We’re interested in scaling for a student environment that would be running apps like Google Earth, ArcGIS and various AutoDesk products, and have two Dell R730 units, each containing a pair of Intel Xeon E5-2680 v4 14-core CPUs, 256 GB of RAM and an M60. Some guidelines on XenApp configurations for passthrough would be useful (number of VCPUs, RAM and if NUMA is a major concern or not). The thought was to run this under XenServer and allocate perhaps 12 VCPUs and 62 GB of RAM so that up to four XenApp VMs could eventually fit if we added a second M60 without first running out of CPU power. Is this an realistic configuration?

One other question – are there any good load testing routines out there to simmlate multiple users in passthrough mode?

Hi Tobias

Any reason why you want to use Passthrough rather than vGPU? With the K2, there were differences in features and performance between a Passthrough and K280Q, but with the M60, I’ve seen no real discernible difference in performance between Passthrough and 8Q vGPU, and CUDA (if you need it) is available through the vGPU profiles whereas it wasn’t with the K2.

Regarding NUMA, I’ve not run into any issues with that yet, I don’t believe it to be as much of a concern as it used to be due to technology and performance advances.

XenServer, love it, no issues there, especially the current one.

It is a realistic configuration, but (and I’m aware of who I’m talking to here, so I’m sure you’ll know all this ;-) ) there are plenty of variables to impact density and overall experience.
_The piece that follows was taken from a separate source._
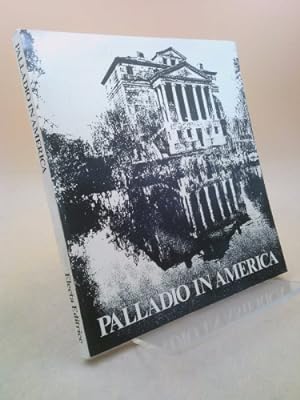 Bild des Verkufers fr Palladio in America zum Verkauf von ThriftBooksVintage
The biggest variable you’ve listed is Autodesk, which has such a wide variety of products all with differing resource requirements. Depending on which Autodesk products you’re looking to use, you may struggle to get the density you’re looking at, especially if all 40-50 users decide to use that product at the same time. It also depends how the individual application is being used, the type of workload etc etc. I’ve seen a user get a published application, and stretch it across 2 4K monitors and start using it, the application then effectively ran at 8K… So there are lots of variables that will impact your capacity, and some that may still be unknown.

There are numerous ways to design a XenApp Site, so don’t think you have to cram it all on one VM. Best way is to have a go at it and see how you get on with capacity, what you’ve listed sounds like a good starting point. You may decide to silo off your heaviest apps onto dedicated resources for guaranteed performance and minimal impact on other sessions, or scale out instead of up. Lots of different options to play with, it depends what kind of experience you’re looking to deliver :-)
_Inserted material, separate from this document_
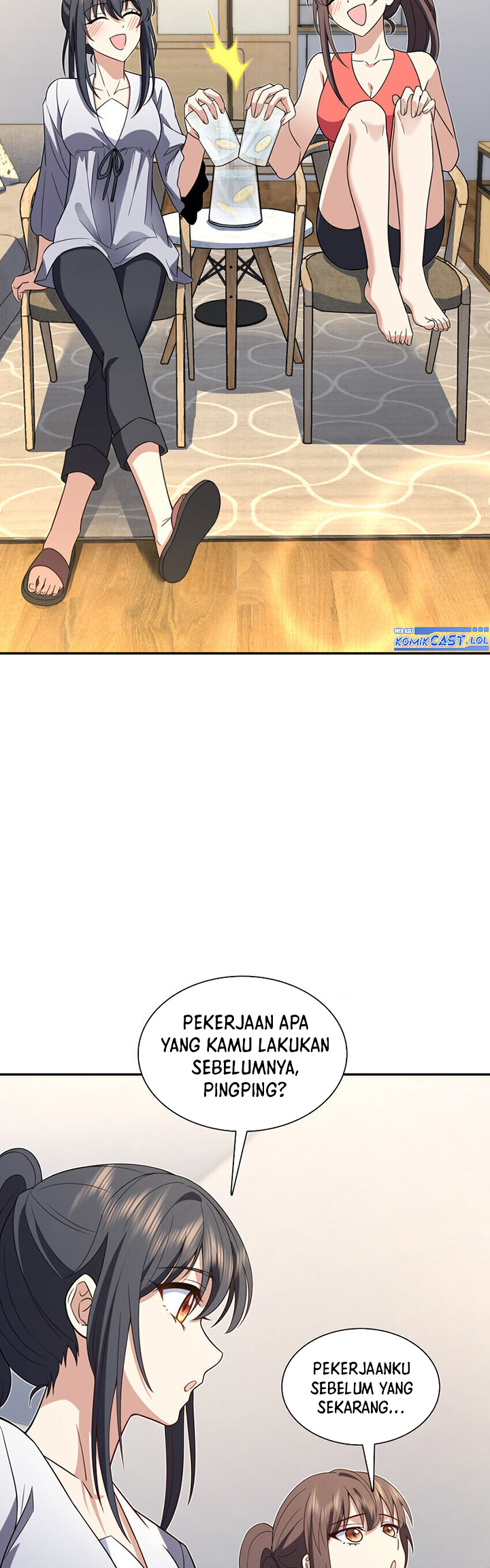 My Wife Is From a Thousand Years Ago Chapter 213 Image 14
Hi, Ben: This is for students, so no matter what CAD/CAM sort of app they will be running, it won’t be anything fancy or overly complex. It’s also not like they are engineers who crank things out at lightning speed with constant flicks of their wrists; there will be a lot of pausing to look and learn, so the load won’t be that great nor that continuous from any individual, plus likely only a single monitor will be in use in most cases. With passtrough, you of course need to use the whole engine, so the idea is to maximize what you can do with it on a given server. I know some sites with 128 GB devoted to a single XenApp + GPU instance. As to why passthrough, there’s also the simple matter of cost. Its cheaper plus VMs are used inconsistently and it would be a waste of resources and more costly to pin vGPUs to a number of idle VMs and remove that availability from others; it also opens up better options for remote BYOD-type access.

Ultimately, you’re right that it’s probably going to take some experimentation just to see how it works out and some tweaking to maximize resources. Appreciate you feedback, of course!